Wednesday, January 9, 2008

Reserved for the Cat by Mercedes Lackey

This is one of those fantasy books that I read in a day, just for fun, because I love Mercedes Lackey. Her books are incredibly easy to get through, and are great for escaping and just reading something entertaining. Not that they are shallow. She always deals with interesting issues, usually psychological in nature, and the Elemental Masters series (of which this book is the latest) always deals with some interesting social issues as well.
Every book in this series takes place in early 20th century England, but an England where magic happens, that most are not aware of. All of the main characters are female, and they all become embroiled in plots where magic is involved in some way. Throughout the stories, Lackey deals with social issues regarding women's rights, the poor and working classes, and even issues like abortion. Her women are no-nonsense people that do what needs to be done to survive. They are incredibly likable, as are most of their supporters. It is interesting to note that in this series all of the villains are also female, usually very devious and power-hungry. And they are definitely hate-able. There is also usually a love interest, but that is not the focus of the story, and he is almost never the one that actually does any rescuing. The women rescue themselves.

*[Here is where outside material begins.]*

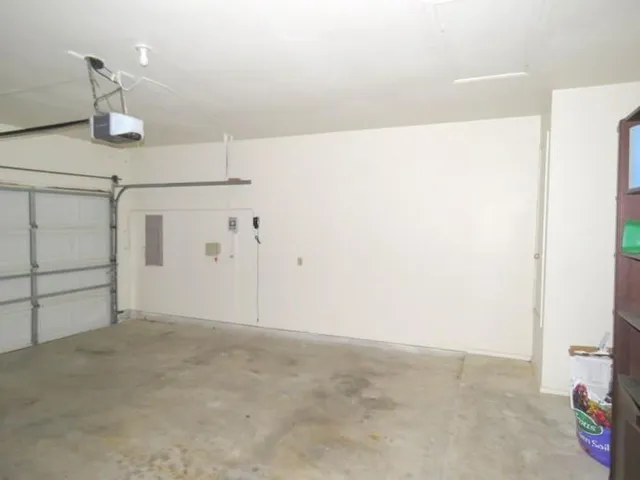 $2,700 | 2240 Arbor Creek Drive, Carrollton, TX 75010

The Elemental Masters series is more formulaic than Lackey's Valdemar books, but I enjoy the formula, so that's okay. The books also do not need to be read in any sort of order, as they are not sequels of each other; they simply take place in the same world. In this book, the main character is a poor Parisian ballerina who is under the protection of a cat, supposedly made her protector by her vanished magician father. The cat leads her to England, where he hopes to help her create a home for herself where she will no longer suffer from poverty. She takes the name of a Russian ballerina, because her name carries no notoriety. Unfortunately, the Russian ballerina was destroyed, and had her body (and name) taken, by a nasty magical creature. When the creature discovers her name being used, she sets out to destroy the impostor. And from there, the story fits nicely into the formula, as things come more and more to a head. It all comes together right at the end for the big final showdown between the good and bad guys, with an epilogue to nicely wrap things up.
An enjoyable read, and as usual, a quick one. If I could read these books slower, I would, because I do really like them. But there is still plenty of Lackey's books that I have not read (she is extremely prolific), so when I need another quick escape for a day off, one will be there.